Artis-artis lokal Minang ini tetap eksis, bahkan Zalmon mempunyai rekor tersendiri karena albumnya yang berjudul Kasiek Tujuh Muaro berhasil terjual sebanyak 200.000 kopi. Album pop Minang yang fenomenal ini diproduksi di studio rekaman Sinar Padang Record milik Haji Yuskal. Studio rekaman yang bertempat di Jalan Banda Bakali ini merupakan studio rekaman terbesar di Kota Padang. Selain musisi Minang, Sinar Padang Record juga digunakan untuk rekaman musisi dari Jambi dan Sumatra Selatan. Bahkan musisi nasional, seperti Obbie Messakh dan Eddy Silitonga, pernah rekaman di studio ini.
Di salah satu sudut provinsi Jawa Timur, industri musik rekaman bahkan sudah menjadi semacam home industry. Di Kabupaten Banyuwangi, studio-studio rekaman kecil menjamur sampai di desa-desa. Sampai sekarang, lebih dari 50 studio rekaman menyebar di Banyuwangi. Industri studio rekaman di Banyuwangi awalnya dipelopori oleh Victor dengan bantuan modal sebesar 25 juta rupiah dari ayahnya yang bernama Johny M.C. Karena kasihan dengan musisi Banyuwangi yang harus rekaman jauh-jauh ke Surabaya, akhirnya Victor membangun studio rekaman Lharos pada tahun 2002.
Musisi Banyuwangi yang sebelumnya harus mengeluarkan uang minimal 100 juta untuk satu album, sekarang hanya butuh 12 juta untuk rekaman di Banyuwangi. Karena sangat murah, order rekaman membanjiri studio rekaman Lharos sampai Victor kewalahan. Victor kemudian menambah fasilitas studio rekamannya dengan peralatan yang lebih canggih. Perkembangan studio rekaman Lharos juga tidak lepas dari pengaruh Johny M.C. yang ternyata sudah bersinar sebagai produser di Banyuwangi sejak tahun 1985. Sebanyak 50 musisi pernah ditangani Johny M.C., bahkan dua di antaranya, Emilia Contessa dan Nini Carlina, menjadi musisi nasional.
Industri musik lokal ternyata juga berkembang di Kota Bandung. Studio rekaman Whisnu Record telah mengorbitkan penyanyi pop Sunda, “Jacko” Darso dan Nining Meida. Jacko Darso yang mempunyai ciri khas seperti Michael Jackson ini sangat memikat para pecinta musik Sunda.
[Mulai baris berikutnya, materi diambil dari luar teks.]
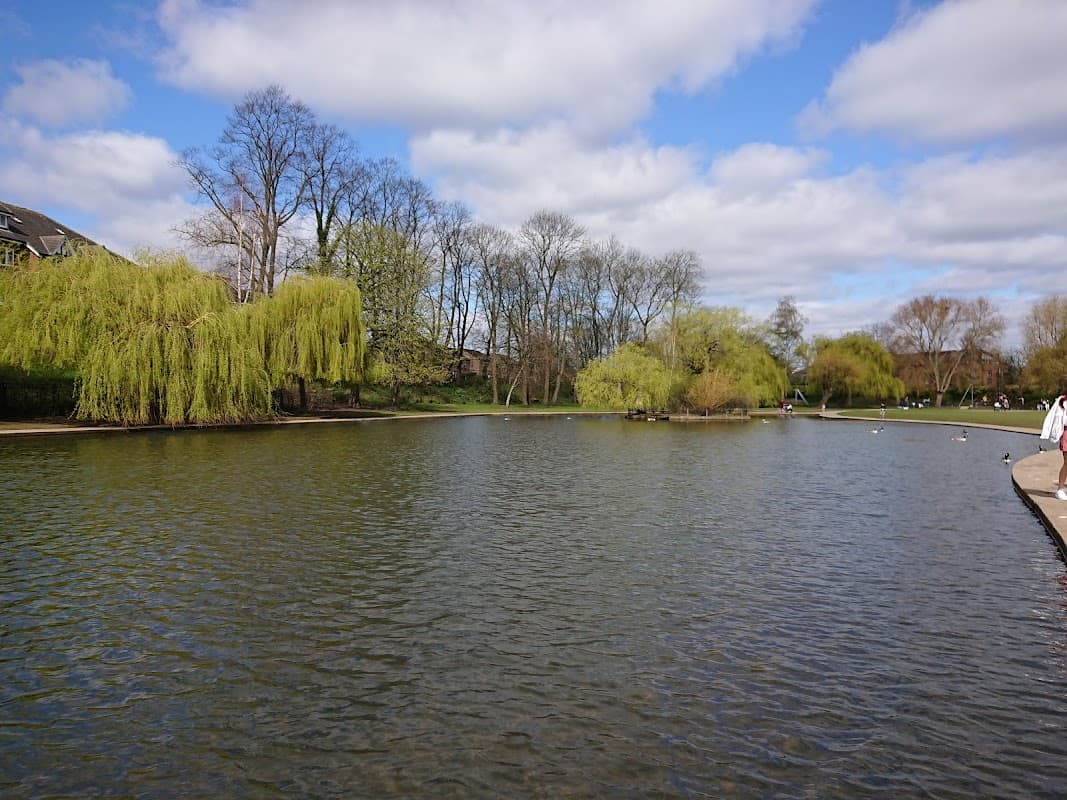 Serene lake surrounded by lush trees and a cloudy blue sky at Rowntree Park in York, Yorkshire.
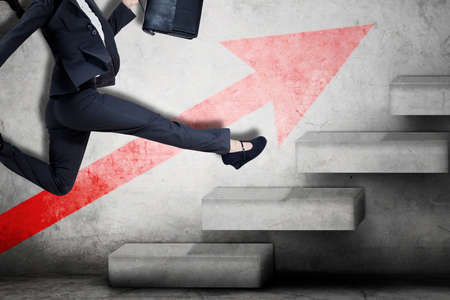 Close up of businesswoman feet running on the stairs with red upward arrow on the wallの写真素材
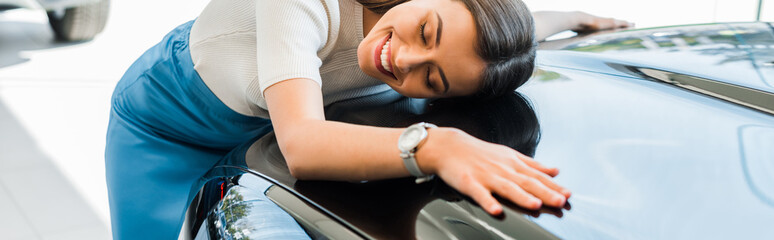 panoramic shot of happy girl with closed eyes near black car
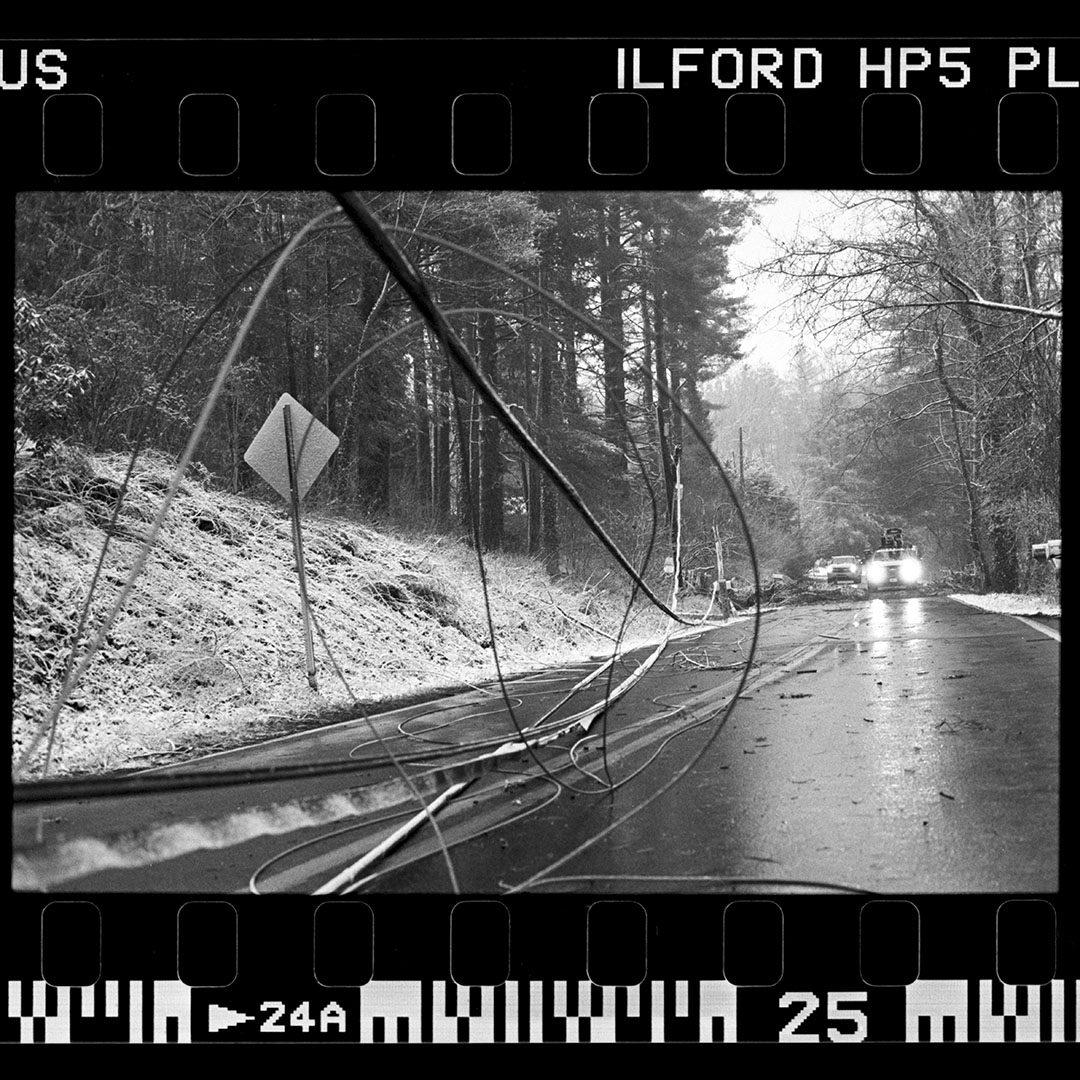 Black and white negs of men working in the snow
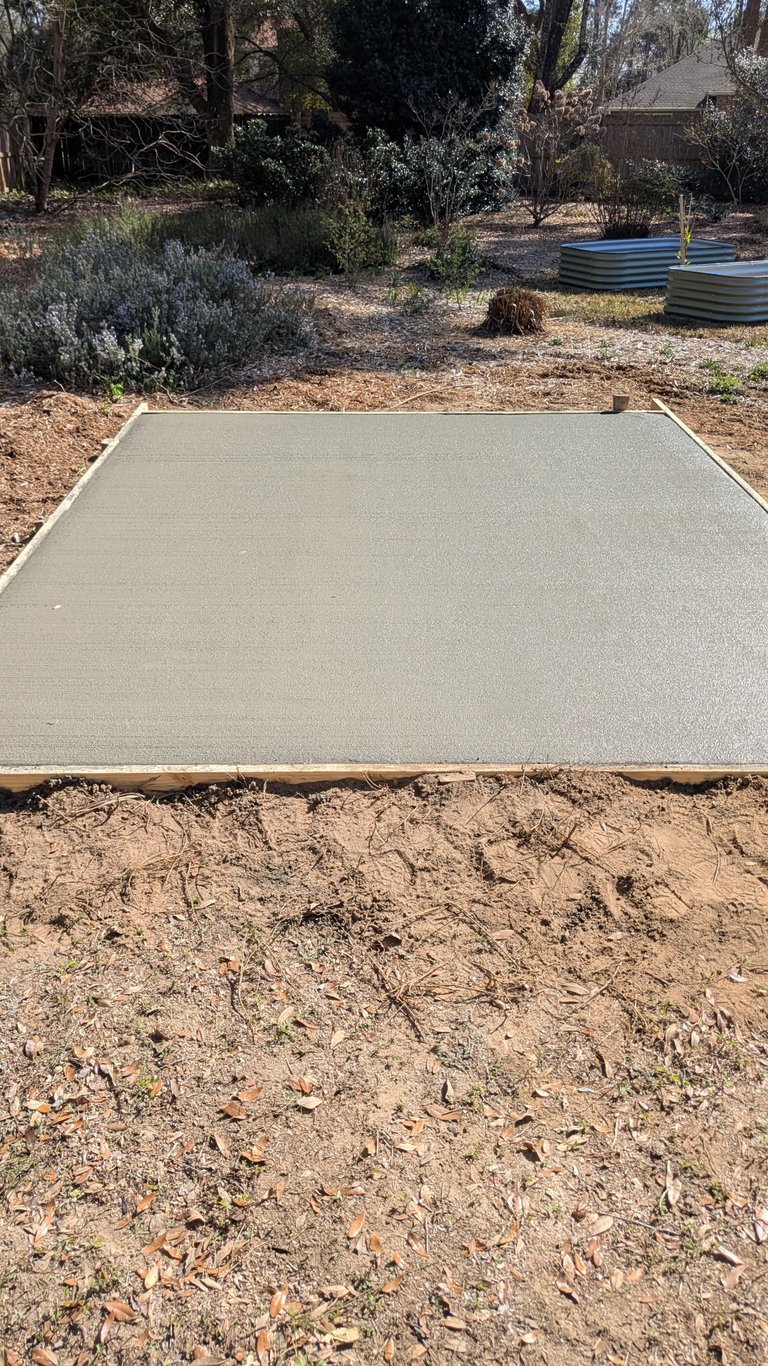 Smooth concrete slab foundation in Pensacola FL with clean professional finish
Musisi fenomenal satu lagi yang dilahirkan dari studio rekaman milik Mariska ini adalah Nining Meida. Bahkan album milik Nining Meida berjudul Kalangkang yang dirilis pada tahun 1986 masih menjadi buruan para kolektor musik dan sampai sekarang sudah terjual lebih dari satu juta kopi.
Musisi lokal diam-diam masih melakukan perlawanan. Bayangkan saja, musisi lokal di Banyuwangi bisa merilis 15 album dalam sebulan. Bagaimana perkembangan musik di daerah Anda?